Embora todas as pessoas com TEA partilhem essas dificuldades, o seu estado irá afetá-las com intensidades diferentes. Assim, essas diferenças podem existir desde o nascimento e serem óbvias para todos; ou podem ser mais sutis e tornarem-se mais visíveis ao longo do desenvolvimento. O autismo é uma condição permanente, a criança nasce com autismo e torna-se um adulto com autismo.

O autismo pode ser associado com deficiência intelectual, dificuldades de coordenação motora e de atenção e, às vezes, as pessoas com autismo têm problemas de saúde física, tais como sono e distúrbios gastrointestinais e podem apresentar outras condições como síndrome de deficit de atenção e hiperatividade, dislexia ou dispraxia. Na adolescência podem desenvolver ansiedade e depressão.

Adentrando á ótica espírita, podemos perguntar, por que nasceriam crianças assim, encontraremos entre diversas respostas na codificação a questão 373 do O Livro dos Espíritos:

Pergunta: Qual será o mérito da existência de seres que, como os cretinos e os idiotas, não podendo fazer o bem nem o mal, se acham incapacitados de progredir?

Resposta: É uma expiação decorrente do abuso que fizeram de certas faculdades. É um estacionamento temporário.

E complementa no item “a” da mesma questão:

Pergunta: Pode assim o corpo de um idiota conter um Espírito que tenha animado um homem de gênio em precedente existência?

Resposta: Certo. O gênio se torna por vezes um flagelo, quando dele abusa o homem

Na questão 374 mostra-nos a consciência do espírito:

Pergunta: Na condição de Espírito livre, tem o idiota consciência do seu estado mental?

Resposta: “Frequentemente tem.
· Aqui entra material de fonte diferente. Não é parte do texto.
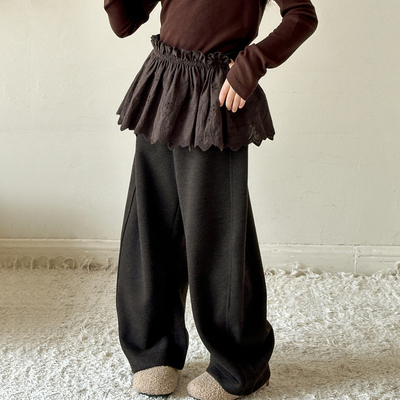 女童裤子2025秋冬新款儿童洋气长裤休闲毛呢女大童加厚直筒阔腿裤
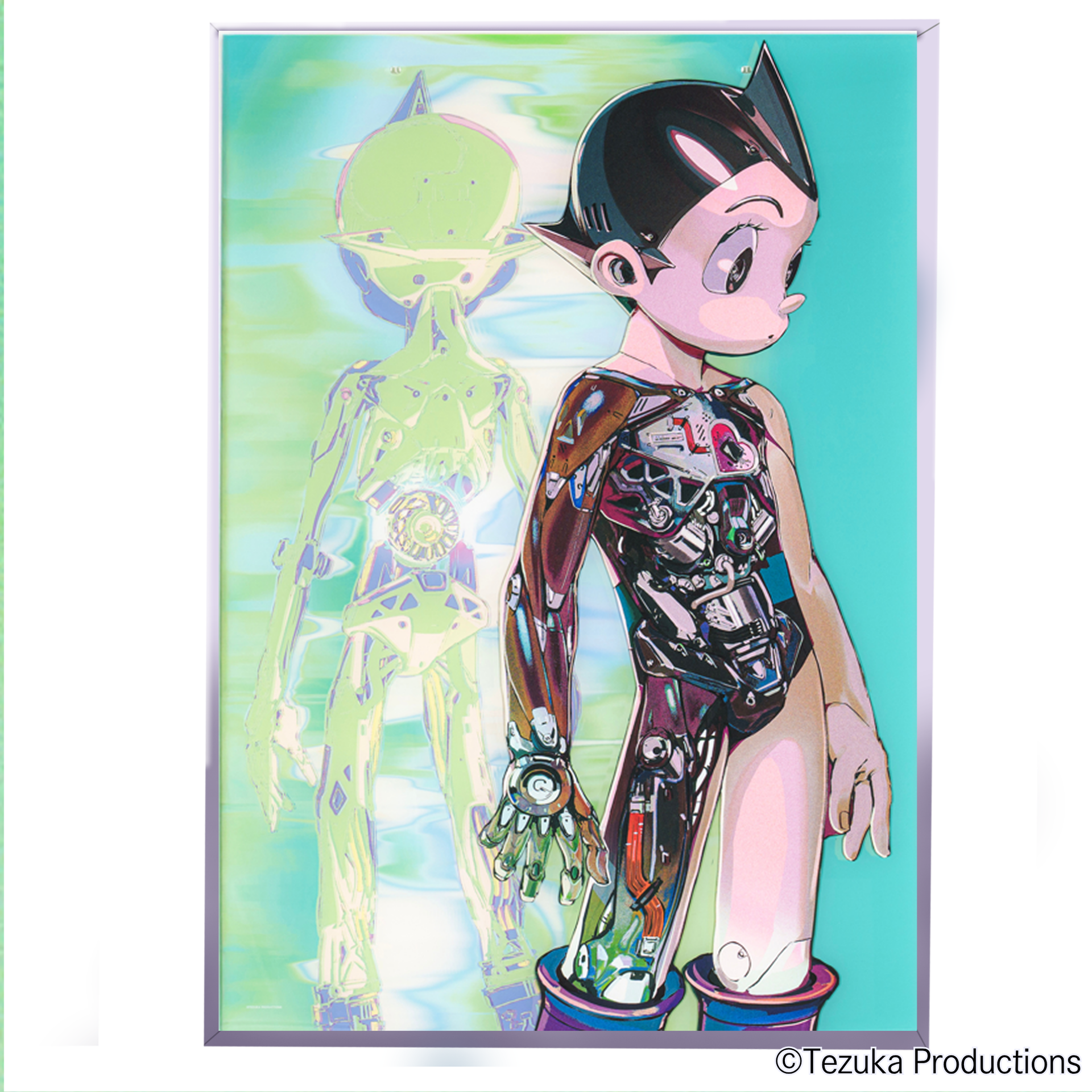 A2複製原画AF_KURO「鉄腕アトム」 UV2層加工（額装入り）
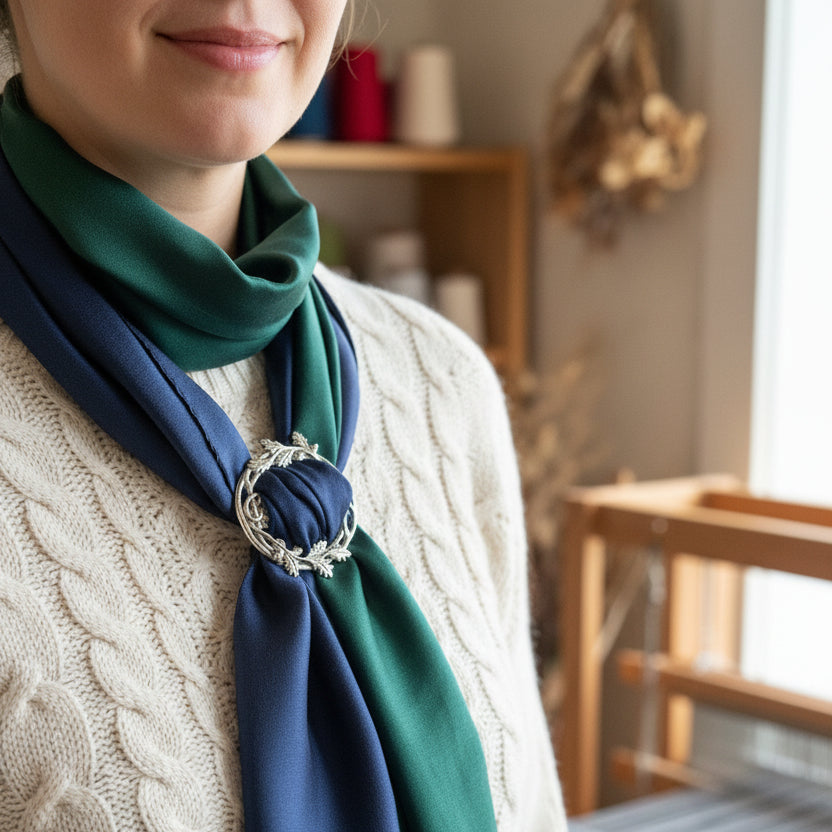 Pewter Oak Leaf & Acorn Scarf Ring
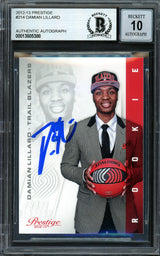 Damian Lillard Autographed 2012-13 Panini Prestige Rookie Card #214 Portland Trail Blazers Auto Grade Gem Mint 10 Beckett BAS #13605388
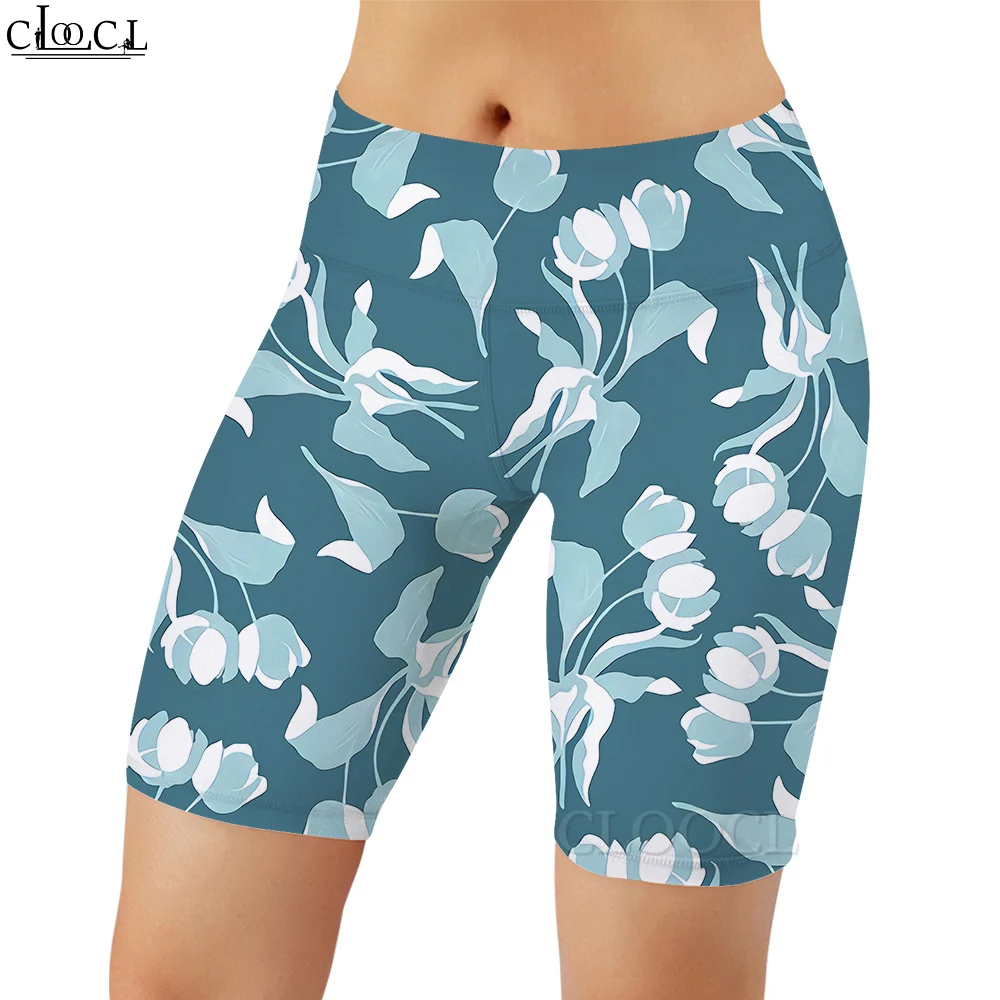 

CLOOCL Women Legging Simple Flowers Pattern 3D Printed Shorts Pants for Female Outdoor High Waist Pants Knee-Length Gym Shorts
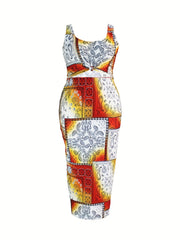 Colorblock Paisley Print Tank Top & Skirt 2 Piece Set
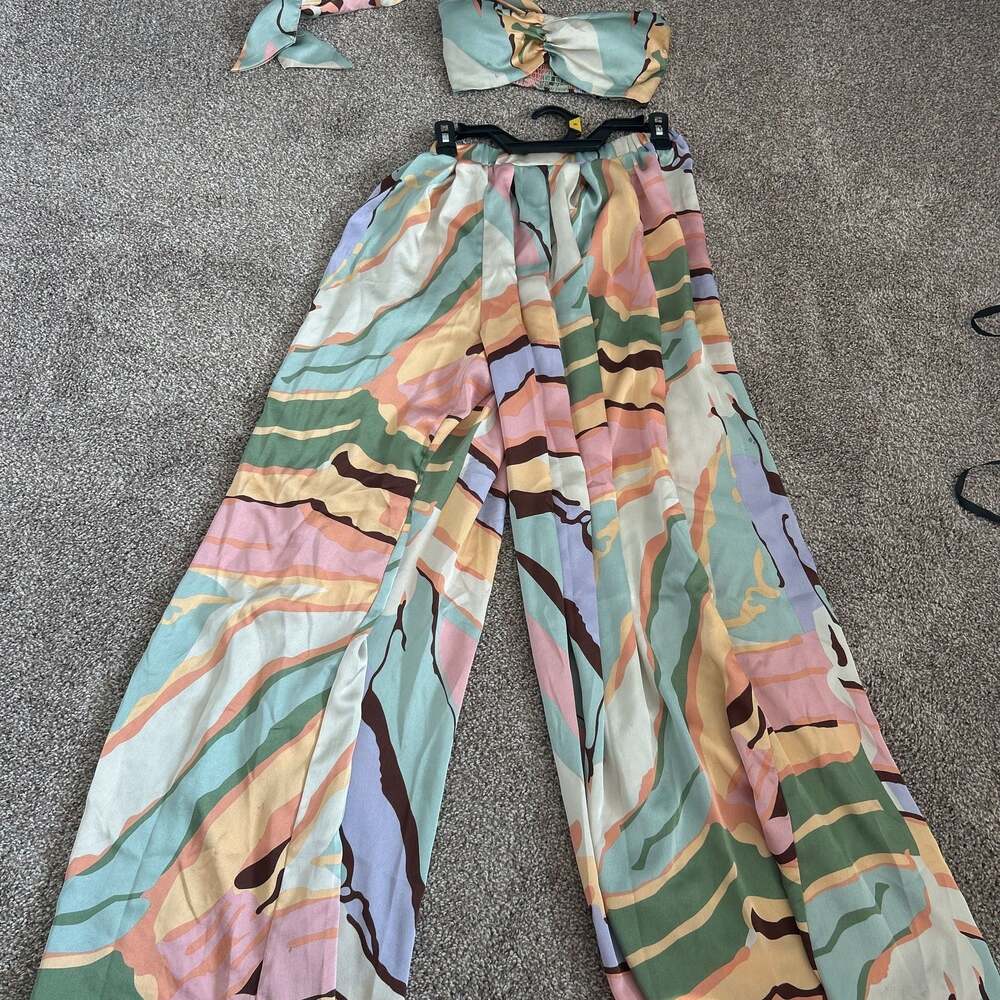Windsor Pastel Abstract Wide-Leg Pants Set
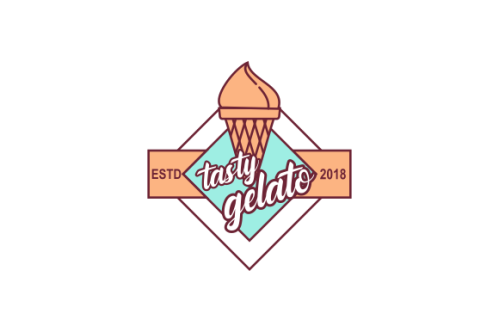 Ice cream shop logo template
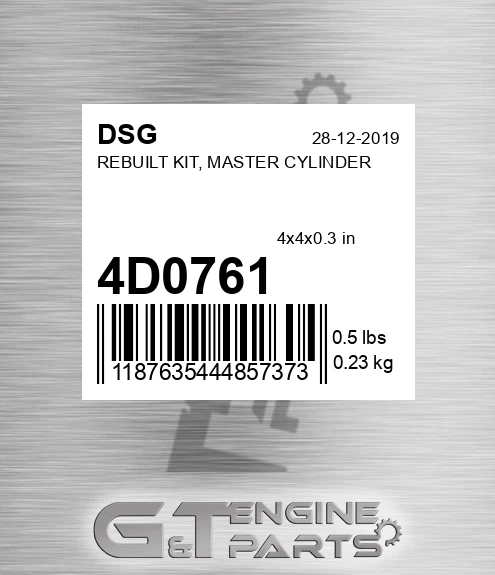 4D0761 DSG Rebuilt Kit, Master Cylinder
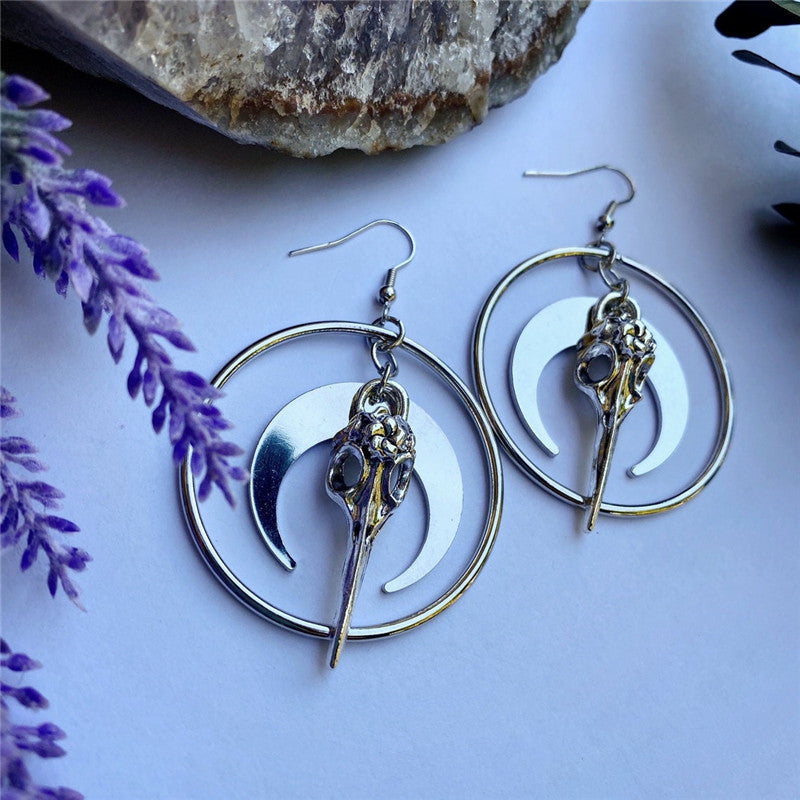 Crow Head Circle Pendant Earrings Halloween Themed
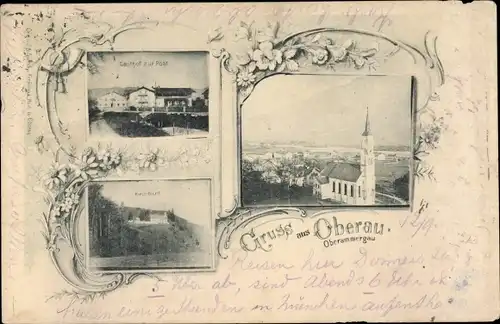 Ak Oberau Oberbayern, Kirche, Gasthof zur Post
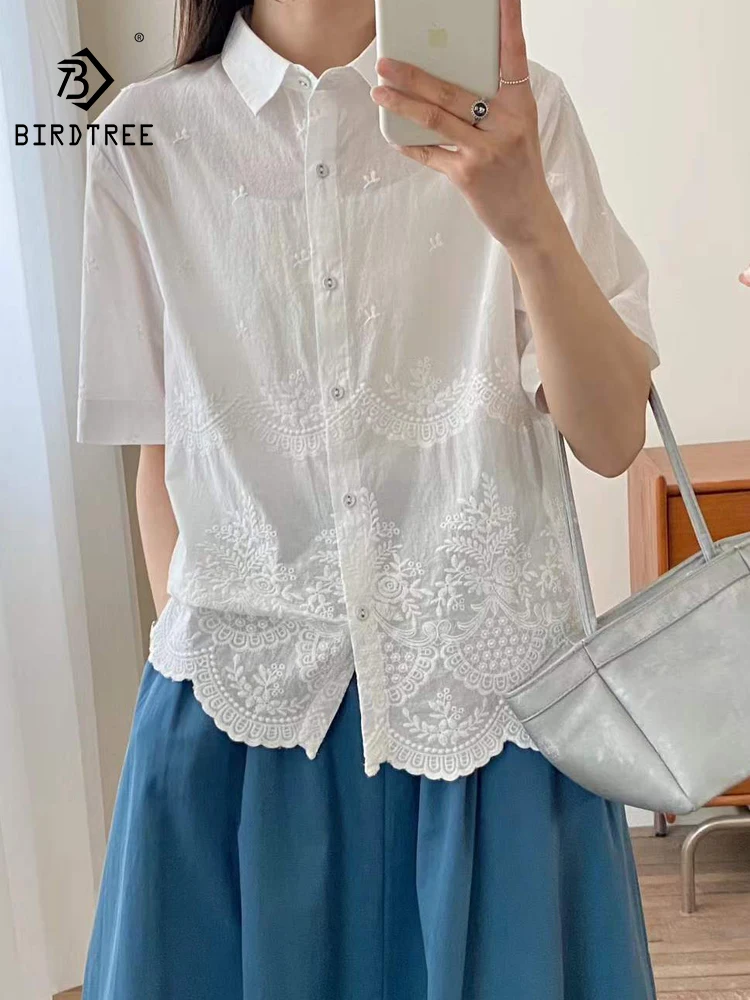 

New 2026 Summer Women Cotton Short Sleeve Shirt, Turn-down Collar Embroidery, Mori Girl OL French Sweet Loose Blouse T65658CC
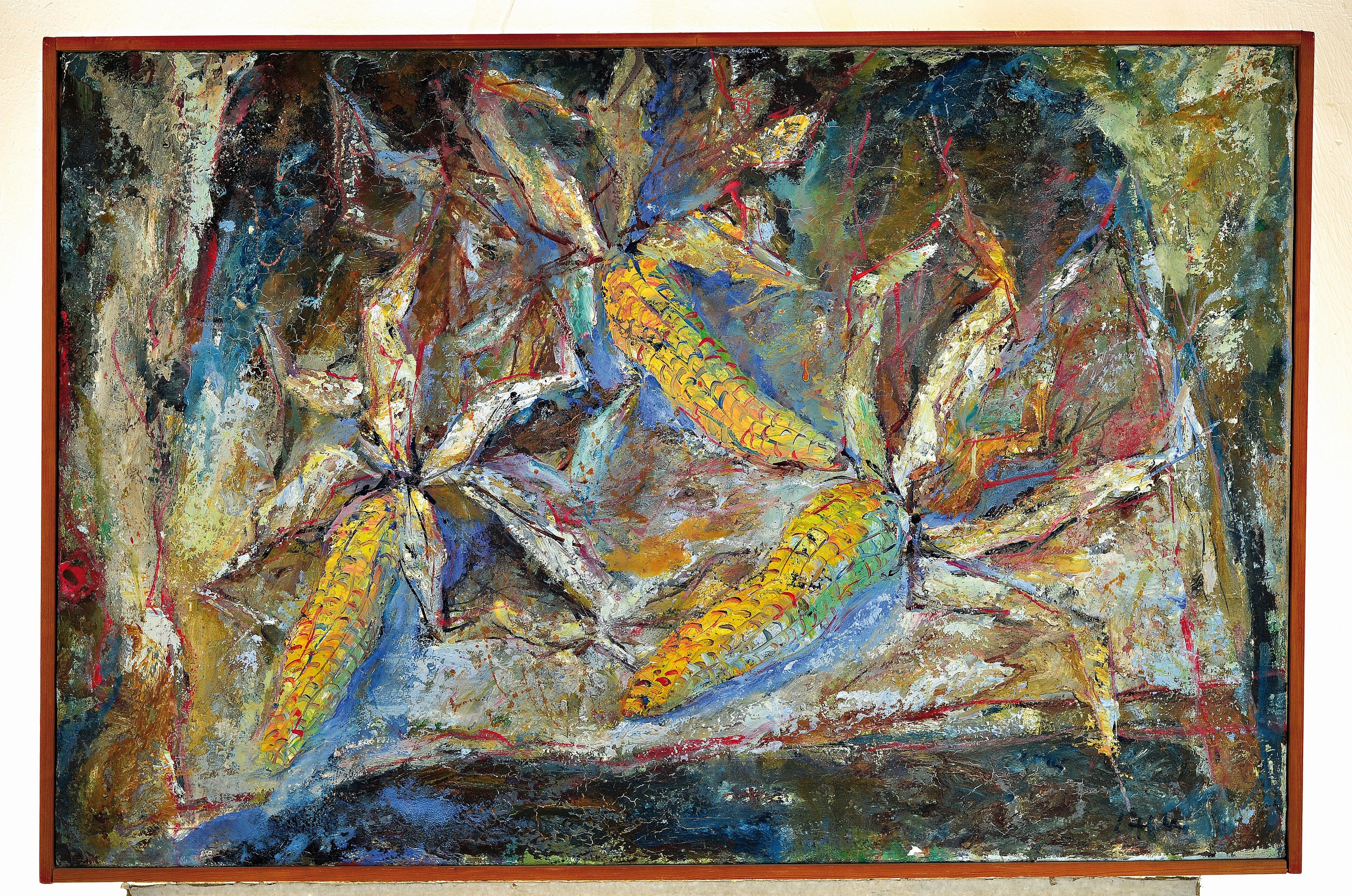 Detail k: Paul Löffler, 1938-1995 Mannheim, Stillleben mit Maiskolben, Öl/Lwd, expressiver Pinselduktus, rechts unten signiert, ca. 60x90cm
Compreende que as cadeias que lhe obstam ao voo são prova e expiação.

E nos brinda com a 375 item “a”:

Pergunta: Então, o desorganizado é sempre o corpo e não o Espírito?

Resposta: Exatamente; mas, convém não perder de vista que, assim como o Espírito atua sobre a matéria, também esta reage sobre ele, dentro de certos limites, e que pode acontecer impressionar-se o Espírito temporariamente com a alteração dos órgãos pelos quais se manifesta e recebe as impressões.  Pode mesmo suceder que, com a continuação, durando longo tempo a loucura, a repetição dos mesmos atos acabe por exercer sobre o Espírito uma influência, de que ele não se libertará senão depois de se haver libertado de toda impressão material.

Existe uma obra da autora Vera Lúcia Marinzeck, que fala muito bem sobre isso, chama-se Deficiente Mental – Por que Fui Um:

doença mental e espiritismo 2

Deus não é justo? Ou, às vezes, não O entendemos por não compreender os que acontece conosco ou com os entes queridos que amamos? Por que existem deficientes? Acaso? Seres imperfeitos? Ou é a bondade do Pai nos dando a oportunidade, pela reencarnação, de nos equilibrarmos ou repararmos erros de outras existências?

Espíritos que estiveram encarnados com deficiência mental narram suas experiências, o que sentiram no corpo limitado, suas desencarnações e o que encontraram no plano espiritual. Enfim, por que foram deficientes.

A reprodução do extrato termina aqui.